Photography

I go to a lot of places and I take a lot of pictures.

Oh hey!

I used to keep all my pages on google sites, but now I’m moving them over to github and netlify. Moving out of google sites has been a nightmare. I need to do a lot of work to extract the text, translate into quarto / markdown, and manually insert images.

This page is still in transition.

I go to a lot of places and I take a lot of pictures. I started with simple documentation: what did I see? how can I share it with people who weren’t there? how can I remember it later? As my equipment improved (and my wall space increased), I started taking pictures to make prints for my walls.

Broadly speaking, my photography moves from urban inscriptions and signs to sweeping landscapes. I am particularly interested in how humans communicate their values in their durable goods and architecture, and the ways they set aside physical space for public enjoyment.

Do you want a print? I can make sizes from wallets to posters. Email me.

National Parks worldwide

Above, left to right: Lake Louise, Alberta, Canada; Banff National Park, Alberta, Canada; Akagera National Park, Rwanda; Bako National Park, Sarawak, Malaysia.

Below, left to right: Niagara Falls (US falls viewed from Canada); Acadia National Park, Bar Harbor, Maine.

Nature in the midst of urban life

As an academic traveler, I spend a lot of time in or near college campuses. The rainbow over Kansas State University (bottom right) came on my morning commute just as the sun peeked over the horizon to illuminate the tops of campus. At the other end of the day, the sunset over the University of Calgary (top left) came as I left my building.

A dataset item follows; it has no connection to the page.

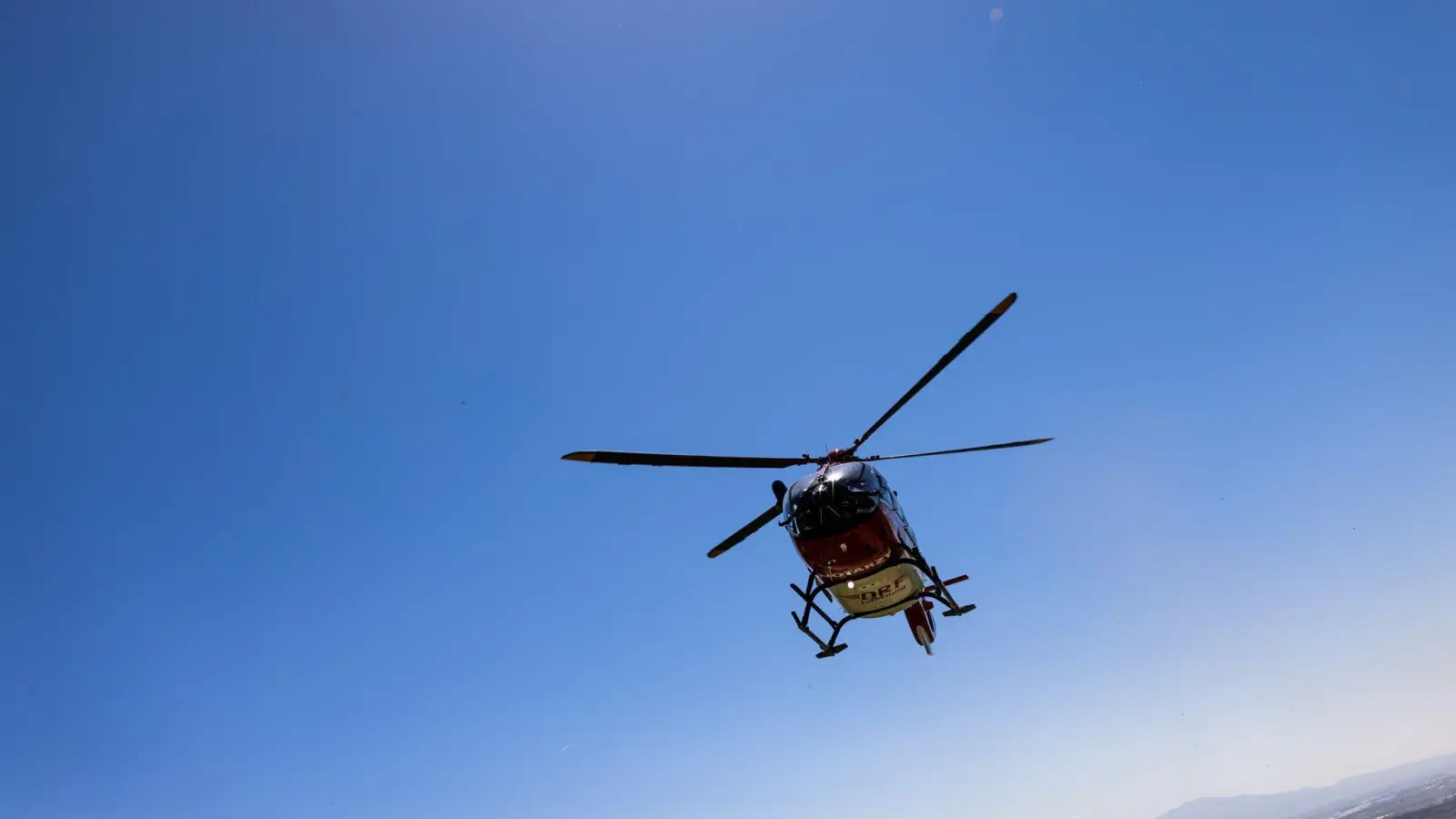 Ein Rettungshubschrauber brachte den 14-Jährigen mit schweren Verletzungen ins Krankenhaus. (Symbolbild) (Bild: Philipp von Ditfurth/dpa)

I visited this park in Cologne (top, middle) with my long term collaborator during a field school we ran at the University, on a short break to stretch our legs. The sunflowers at Konza Prairie (right, middle), just minutes from my house in Manhattan, were part of a tour for a visiting scholar from South Africa.

I visited the Parliament Building in Ottawa (top right), framed here with overhanging branches, during orientation for Fulbright Canada for my sabbatical in Calgary.

Urban scenes

Churches and cathedrals are perhaps Western civilization’s most enduring monuments to beauty and devotion, inspiring us to be our best selves within a narrow range of governmental and liturgical edicts. They get the best architecture.

In contrast, public memorials are deliberate, secular artifacts to help us remember who we were and what we did. While figural memorials to specific people are more common, abstract ones are more powerful.

Between these two spaces, everyday majesty in urban spaces is always available.

Top: Cloudy day at the Holocaust Memorial, Berlin, Germany. True color

Bottom: Cathedral in Cologne, Germany. True color.

Left: slide on a playground in Vancouver, Canada. B&W

Right: Reflection of a cathedral in the paving stones, London, UK. True color.

Signs

I love signage and inscriptions, from beautiful to inadvertently hilarious and from strictly utilitarian to whimsical.

Left: sidewalk in the Twin Cities; right: street in Singapore.

left to right: Vancouver, San Diego, Calgary

Signs are supposed to be noticed, read, obeyed. They are public declarations of belief, warning, provenance, and contents.

Clockwise from top left:

Above: sewer access port in Vancouver; public grilling in San Diego; transit station in Calgary.

Right: Ice cream shop in Minneapolis; Coffee house in Cologne.

Bottom: Kansas-Nebraska border; County road, Iowa; Lake Louise, Alberta.